El camino de la integración es de dos sentidos
Vamos de regreso a Chiapas. En 2013, Héctor transformó su iniciativa de captación de agua en un proyecto sustentable que contemplaba mucho más que simplemente acceder al vital líquido. La idea era que las familias tzeltales empezaran a cultivar ciertos productos, crearan un área de conservación natural, criaran animales y montaran un invernadero, un vivero y adquirieran conocimientos sobre piscicultura y letrinas secas, entre otros temas. Su propuesta obtuvo la aprobación de la comunidad y se construyó una casa modelo.
El año pasado también se dio el tiempo de supervisar la construcción de una radio comunitaria en la que, entre otras cosas, desarrolló el proyecto para brindarle una mejor acústica a la cabina de grabación, aprovechando la calidad de la madera de la región.

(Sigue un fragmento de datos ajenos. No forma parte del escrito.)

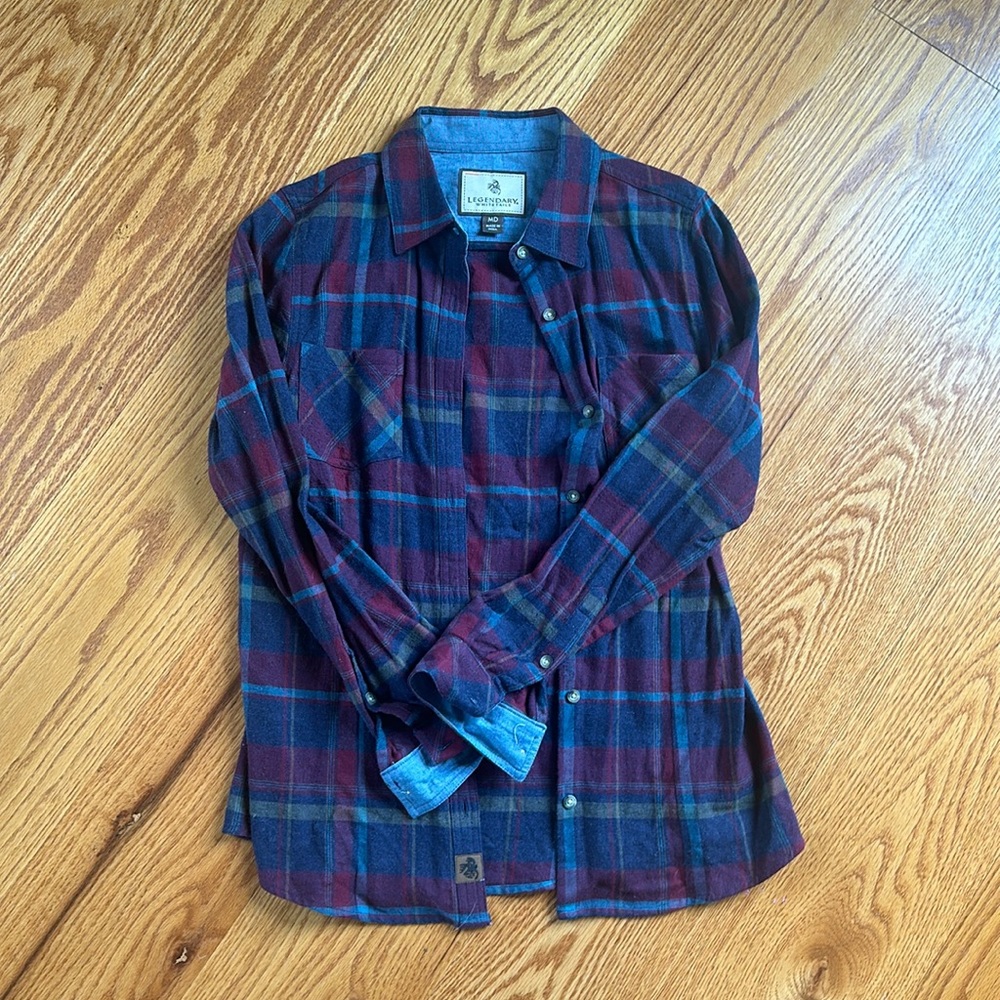 LEGENDARY WHITETAILS WOMEN'S COTTAGE ESCAPE FLANNEL SHIRT  size M “sangria plaid
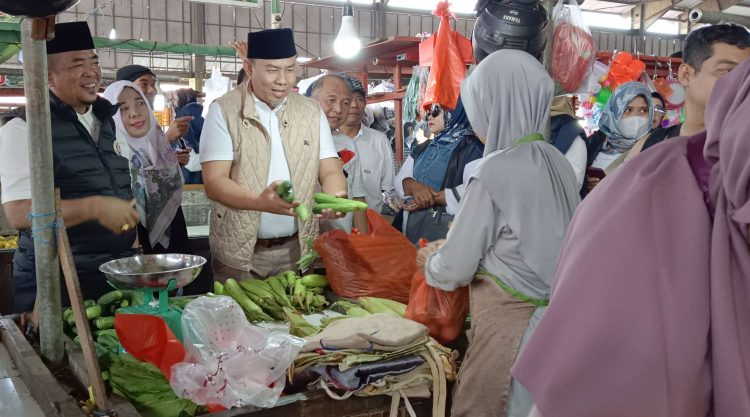 Serap Aspirasi Pedagang Pasar Tradisional, H Rahman Blusukan ke Pasar Angso Duo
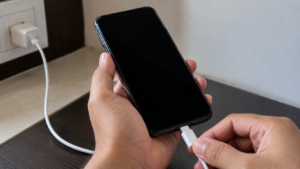 Why Does My Phone Screen Suddenly Go Black When I Plug in the Charger?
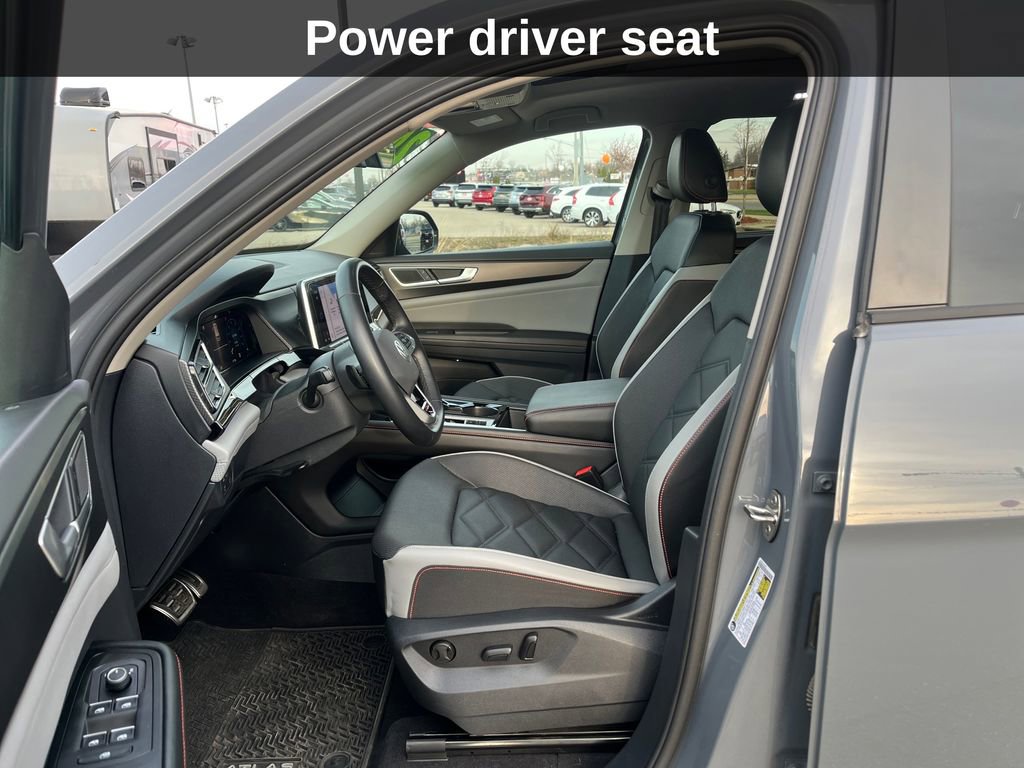 Used 2024 Volkswagen Atlas Peak Edition SE image 12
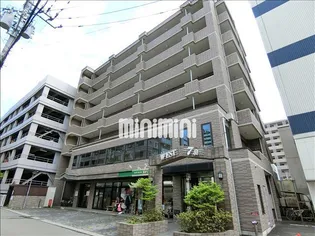 ウエスト7泉【4階】の外観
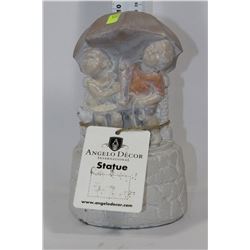 BOY & GIRL UNDER UMBRELLA STATUETTE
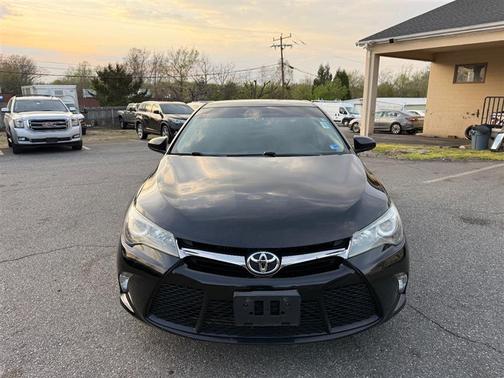 Midnight Black Metallic 2016 Toyota Camry SE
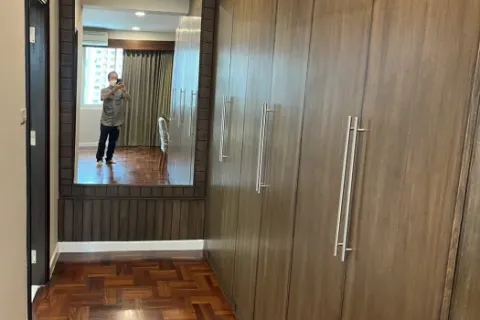 Condo in Khlong Toei, Bangkok, Thailand, 3 bedrooms № 214523 - photo 18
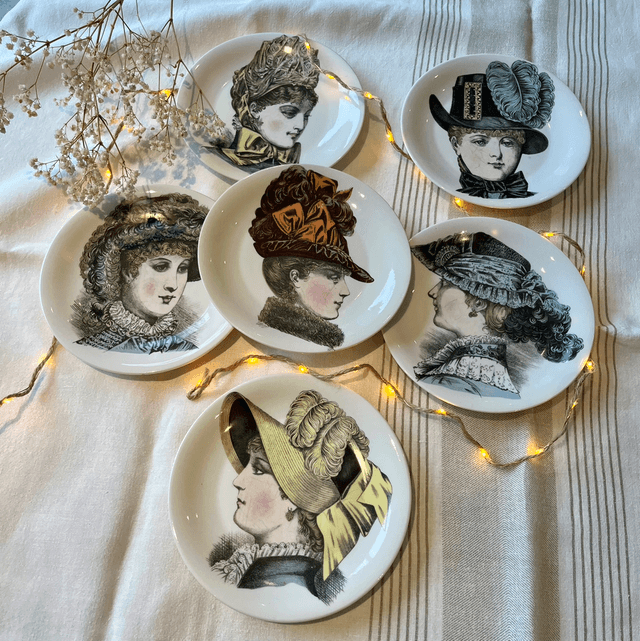 Six assiettes à dessert ou décoratives Porcelaine de Paris 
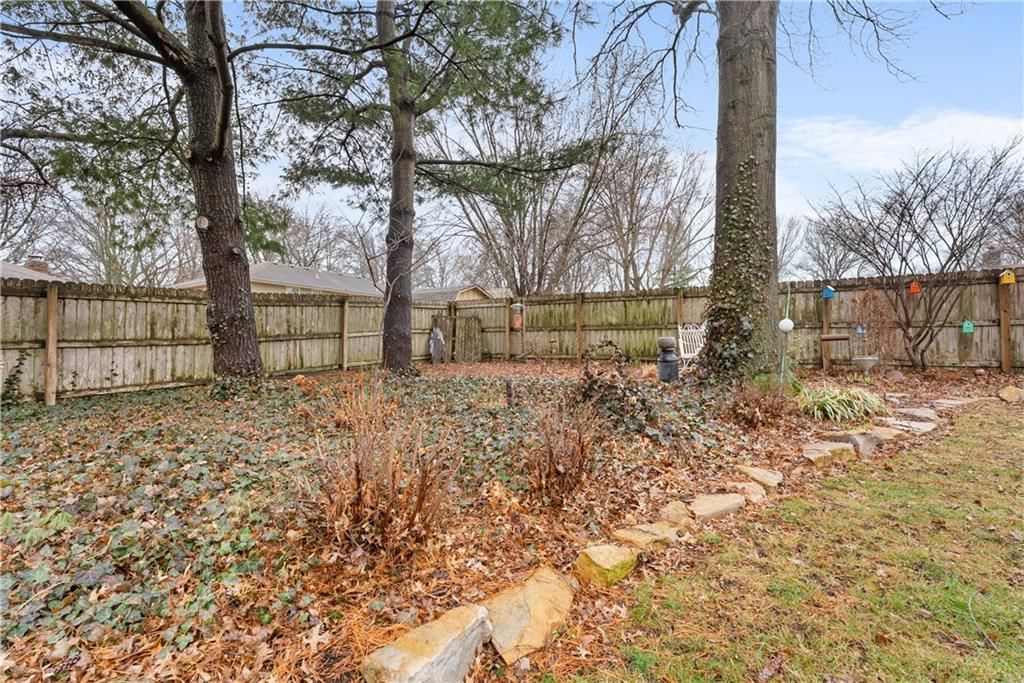 508 NE STONEWALL Drive — photo 34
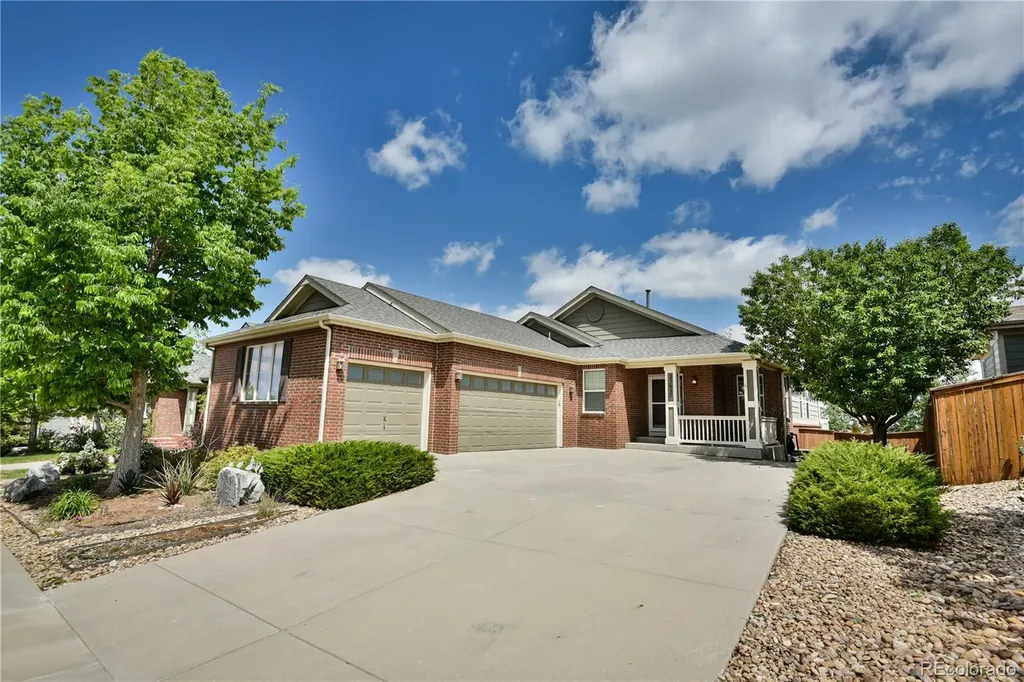 23627 E Bellewood Drive Aurora CO 80016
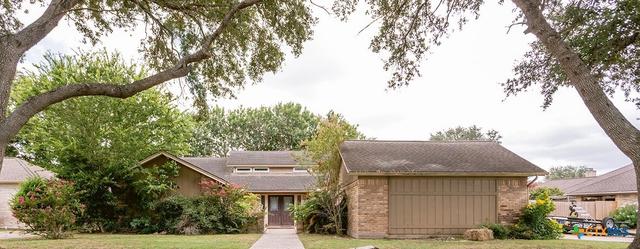 402 Chimney Rock Dr, Victoria, TX 77904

Héctor cuenta que cada miércoles se levantaba a las cinco de la mañana para cargar hasta la punta del cerro, junto con cerca de 50 hombres —todos sin sueldo— los materiales para construir la cabina donde estaba la antena de transmisión. Terminada la faena, compartían la comida; esos pequeños momentos lo hicieron sentirse integrado, sin olvidar el elemento clave del idioma.
“Tener la apertura para aprender el lenguaje y decir ‘hola’, ‘gracias’ y ‘por favor’ en su idioma, hace que te vean de un modo diferente… Se genera una especie de comunicación no verbal increíble”.
En ese mismo ámbito, el de la integración, “Chepe” asegura que la formación en el seminario lo ayudó a sobreponerse a los retos que le planteaban Guadalajara y sus habitantes, además de que le permitió reconciliarse con su historia y las comparaciones que hacía entre la cultura zoque y la jalisciense.
“Muchas cosas de aquí me benefician y las adquiero, y las otras cosas que no me ayudan para seguir creciendo o para mantener mi cultura, pues las dejo; voy buscando un equilibrio para no perder mis raíces. Vivo en la ciudad, pero no vivo como viven los de la ciudad”.
Una mirada global sin arrancar las raíces
A punto de graduarse, “Chepe” piensa seguir trabajando una buena temporada en la construcción, aunque ya está pensando en estudiar una Maestría en Geociencias Marinas en la Universidad de Haifa, para lo cual tiene en la mira las becas que otorga el Instituto Mexicano del Petróleo.
“Ese es uno de mis grandes propósitos, ir a Israel a estudiar y regresar a contribuir con la industria petrolera”, señala.
Héctor está convencido de que el rumbo que está tomando viene marcado por sus meses en Chiapas. “Más de lo que yo dejé allá, Dios me dio un regalo increíble: poder haber vivido esa experiencia… Va a estar ahí toda la vida dándome pauta, encaminándome”.
En Navidad, “Chepe” estará en su pueblo sacando peces del río Grijalva o echando la mano en la cosecha del maíz, el frijol, la ciruela, el café o el limón. La tierra donde nació es fértil, bañada por siete ríos de agua fría y transparente, rodeados por la selva chiapaneca. Estos paisajes son lo que más extraña de casa.
¿Y Héctor? En un futuro cercano tal vez se vaya a vivir a Colima, donde se visualiza dando clases de arquitectura en la universidad y dedicándose a cultivar un “cacho de tierra” en su hogar. “Todavía no lo sé, pero la semilla ya se sembró en mi cabeza”.